[Data extracts — start]
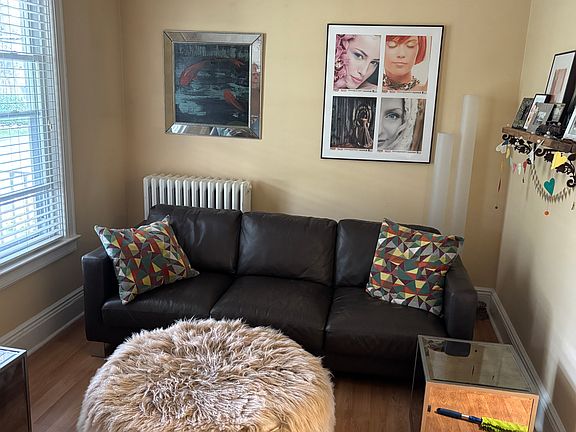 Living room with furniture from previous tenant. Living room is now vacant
[Data extracts — finish]
[Data extracts — start]
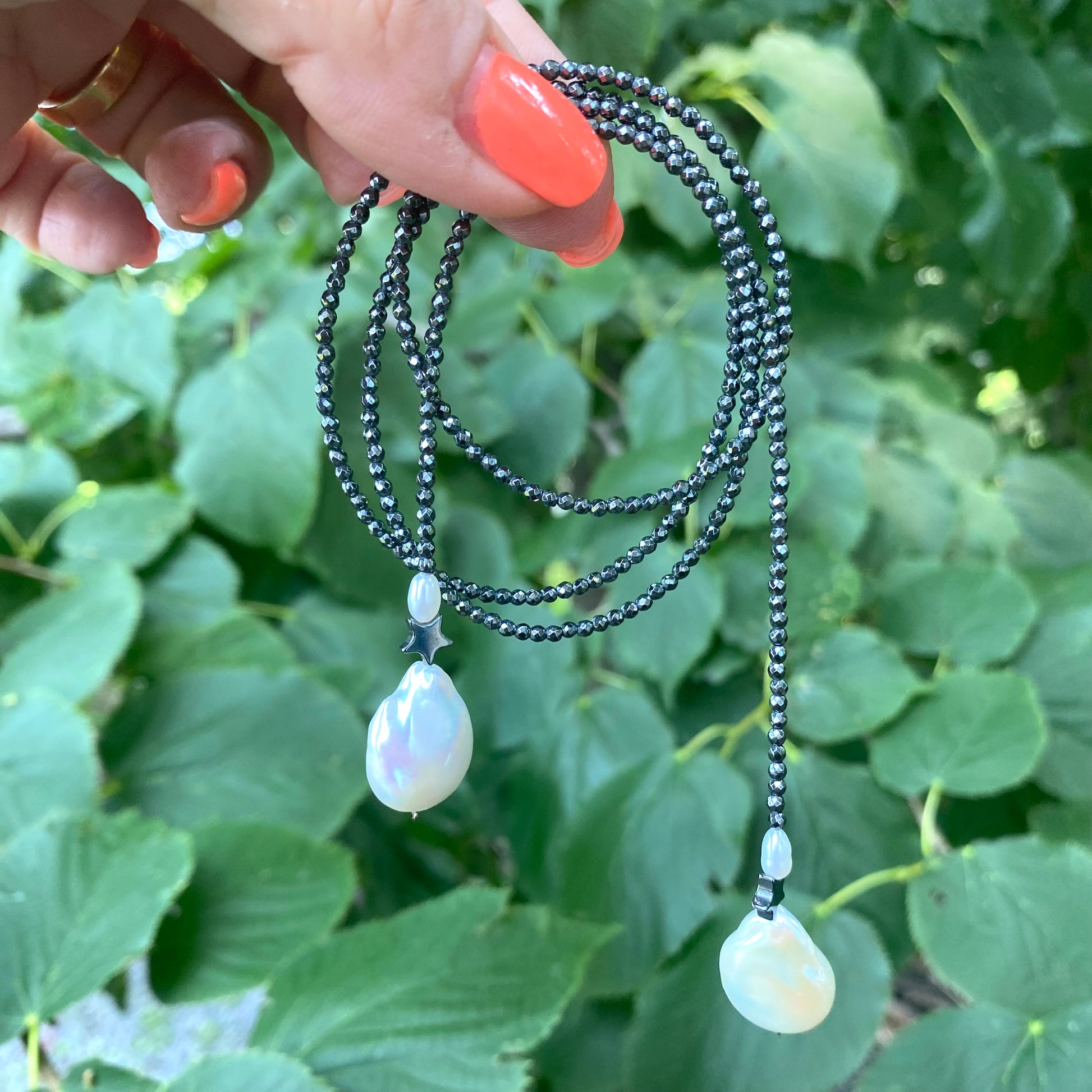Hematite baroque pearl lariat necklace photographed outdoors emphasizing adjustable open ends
[Data extracts — finish]
[Data extracts — start]
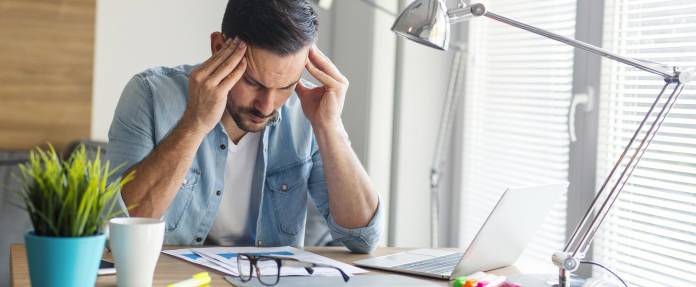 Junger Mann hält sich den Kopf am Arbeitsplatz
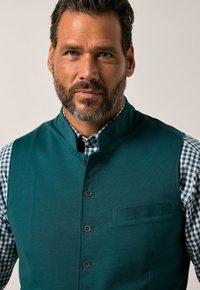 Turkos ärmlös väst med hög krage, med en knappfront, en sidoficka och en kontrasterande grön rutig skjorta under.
[Data extracts — finish]
Output exactly, and only, the lines of the entries above from the one with "Junger Mann hält" up to and including the one with "Turkos ärmlös väst"; pictures are to be left out.

* Answer section *
 Junger Mann hält sich den Kopf am Arbeitsplatz
 Turkos ärmlös väst med hög krage, med en knappfront, en sidoficka och en kontrasterande grön rutig skjorta under.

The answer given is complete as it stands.